Wednesday, March 31, 2010

Procedural Writing is Kinky

Since I read Tom's post before writing my own, I now seem to be thinking about my response to him and about a question he raised whether he meant to or not. How is procedural writing like Oulipo, workshop writing exercises, detournement, appropriation, remix, collage, metagraphs (Debord''s word for poem-collage), erasures and other human made restraints placed upon writing different from computer generated procedural writing? What makes this murky for me is that computers are a type of person too because we made them and we program them.

Hartman says that the real question is, how can a computer and a human collaborate to create interesting writing? Although I think he has a fair point, I think it's a cute way to avoid the question and in the context of his project(s), that response makes sense. In "Sentences" (which could easily be renamed, "Making Computer Generated Poetry: A Love Story") Hartman takes us through a writing procedure much more difficult to explain than something like Perec's lipogram La disparition or Queneau's Exercises in Style (one of my favorites I might add). Yet the idea is the same: what fun things can happen when you put writing in handcuffs? Enter my gimmicky title to this post. Obviously those handcuffs are made of different materials, shapes and secured to different objects but the general outline is the same.

There was a lovely panel on procedural writing at the Boulder Small Press Festival a few weeks ago in which author Gillian Conoley discussed her experience with using the plot genie to write a book with the same name. The plot genie is a device that I took to be a wheel that the writer spins in order to put together different elements of a story. From the blurb on Omnidawn:

"The inspiration for this book is a plot-generating device created in the 1930s by an ex silent screenwriter, Wycliffe A. Hill. The original "Plot Genie"--used widely by Hollywood writers until the late 1950's--relied on a numerical game of chance, including a cardboard spinning wheel used to divine character traits and plot points."

Plot Genie is not a computer, it's a piece of carboard and yet we should note that the blurb calls the genie a "plot-generating device." A plot generating device sounds a lot like a computer but the genie is made from cardboard, not silicon. Someone did however, have to build it and program it with plot elements in order for it to function and create writing. This sounds exactly like computer generated poetry but had Hartman been there showcasing his computer generated work as procedural writing, I have no doubt it would have been more questioned that Conoley's. I think I would have, I think I do. So what's my/our problem with computers that we made and we programmed being used as restraints for writing? The answer is probably ignorance and code-awe (I made that term up). My mind can manage the mysteries of a cardboard wheel much easier than of a computer program. I am more interesting and more impressed by Janet Holme's "The Ms of my kin" which is an erasure of the already condensed poetry of Emily Dickinson.

Labor has to be a factor as I learned from last week's post. My classmate's were more impressed by my conceptual writing of alphabetizing the intro to UBU's Conceptual Writing anthology when they thought I had done it "by hand" when in reality I put it into a free online alphabetizing program. We are trained to be impressed with hard work, even if it's as tedious and dull as alphabetizing a set of words.

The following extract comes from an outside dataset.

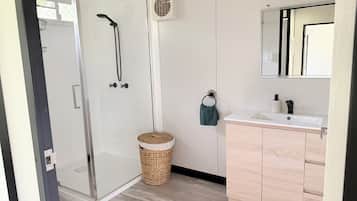 Hair dryer, towels, soap, shampoo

Finally, I think the question of why we choose to write within constraints is important. My students love workshop writing exercises and using constraints to force the artist into exciting and new directions is the aim of such exercises. My own teacher, Julie Carr is having me write a series of poems in ballad verse to force my language into something more rich and grounded. Oulipo functioned/functions in pretty much the same way.

So, why do we want to write computer generated, computer restrained poetry? Hartman says, "The brute-force effort to make a machine into a human poet seems doomed to death by boredom"(Hartman 4). But he does advocate as I have already mentioned, for the potential interest of poetry derived through human/computer collaboration. While going through a writing exercise like write the 100th version of the story in Exercises in Style, we learn something through writing through that restraint. We learn more about what we want from writing, our own creative process, about language itself and ultimately how to write a better poem/story. After reading "Sentences" there is no doubt in my mind that although his process is dressed a little differently, Hartman also learns these things. If that were true then computer generated writing is not alone, but living under the same umbrella of procedural writing as the plot genie, Oulipo and erasure; and the direct end results from such exercises whether computer or human generated are as Hartman points out, just as varied.